Waldenburg/DE Google Maps

Bauherr:in

SWG Schraubenwerk Gaisbach GmbH, Waldenburg/DE, www.swg.de

Architektur

Hermann Kaufmann+Partner zt GmbH, Schwarzach/AT, www.hkarchitekten.at

Statik Holzbau

SWG Engineering, Rülzheim/DE, www.swg-engineering.de

Statik Massivbau

BHM-Ingenieure Engineering&Consulting GmbH, Feldkirch/AT, www.bhm-ing.com

Holzbau

Schlosser Holzbau GmbH, Jagstzell/DE, www.schlosser-projekt.de

Fertigstellung

2020

Verbindungen mit Tragweite

Mit dem Ensemble aus Produktionshalle und Bürohaus samt integriertem Ausstellungsbereich schuf die SWG Schraubenwerk Gaisbach GmbH – Geschäftsbereich Produktion – an ihrem Firmensitz im hohenlohischen Waldenburg nicht nur neue Kapazitäten, sondern vor allem einzigartige Gebäude. Im Frühjahr 2020 war das vor Jahren beschlossene Projekt endlich fertig. Das Tragwerk ist bisher einzigartig in dieser Größe und Ausführung und überbrückt trotz filigraner Konstruktion enorme Spannweiten. Einen entscheidenden Beitrag dazu leisten die zimmermannsmäßigen Verbindungen sowie ein puzzleähnlich verschränkter Bauteilknoten.

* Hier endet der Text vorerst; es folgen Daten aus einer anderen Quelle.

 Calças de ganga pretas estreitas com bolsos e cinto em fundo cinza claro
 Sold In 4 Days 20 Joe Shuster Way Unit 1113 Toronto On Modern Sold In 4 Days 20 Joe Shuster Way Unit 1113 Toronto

Entworfen und geplant wurde das Gebäudeensemble vom Team rund um Hermann Kaufmann und seine Partner Christoph Dünser, Roland Wehinger und Stefan Hiebeler, die seit Anfang 2018 zusammen unter dem Namen hk Architekten firmieren. Mit beachtlichen Abmessungen von knapp 96,5 Metern Breite und 114 Metern Länge nimmt der rund 12 Meter hohe Hallenneubau eine Fläche von 11.000 m2 ein. Die Halle ist fünfschiffig angelegt und wird von einem kammartig geformten Dach überspannt. Die Hallenschiffe sind knapp 20 Meter breit. Ihre Dachflächen verspringen in regelmäßigen Abständen nach unten, wo sie etwa 5 Meter auf dieser Höhe weitergeführt werden, um dann wieder in die ursprüngliche Höhe überzugehen. Diese regelmäßigen Versprünge gliedern die großflächige Halle und sorgen wie Sheddächer – nur in umgekehrter Ausführung – für viel Tageslicht im Halleninneren.

Die Fachwerkträger der Dachkonstruktion sind aus hochtragfähigem Buchen-Furnierschichtholz, auch BauBuche genannt, gefertigt. Sie überbrücken zum Teil enorme Spannweiten, wie etwa die 82 Meter langen und 3,8 Meter hohen Haupt-Fachwerke in Längsrichtung der Hallenschiffe. Lediglich auf einer BauBuche-Stütze gelagert, überspannen sie als Zweifeldträger 40 Meter bzw. 42 Meter. Die 1,5 Meter hohen Neben-Fachwerkträger spannen quer dazu über 18,3 Meter und stützen sich auf den Haupt-Fachwerken ab.

Dabei konzipierte das hauseigene Ingenieurbüro SWG Engineering die überwiegende Zahl der Anschlüsse und Knotenpunkte als zimmermannsmäßige Verbindungen, passte sie aber im Hinblick auf die Verwendung von BauBuche entsprechend ans Material an, variierte und optimierte sie. Das ergab sich auch vor dem Hintergrund, dass sich die einfachen Geometrien dieser bewährten Holzverbindungen gut abbinden und die Bauteile zwängungsfrei fügen lassen – und das bei zugleich optimaler Kraftübertragung in den Knoten.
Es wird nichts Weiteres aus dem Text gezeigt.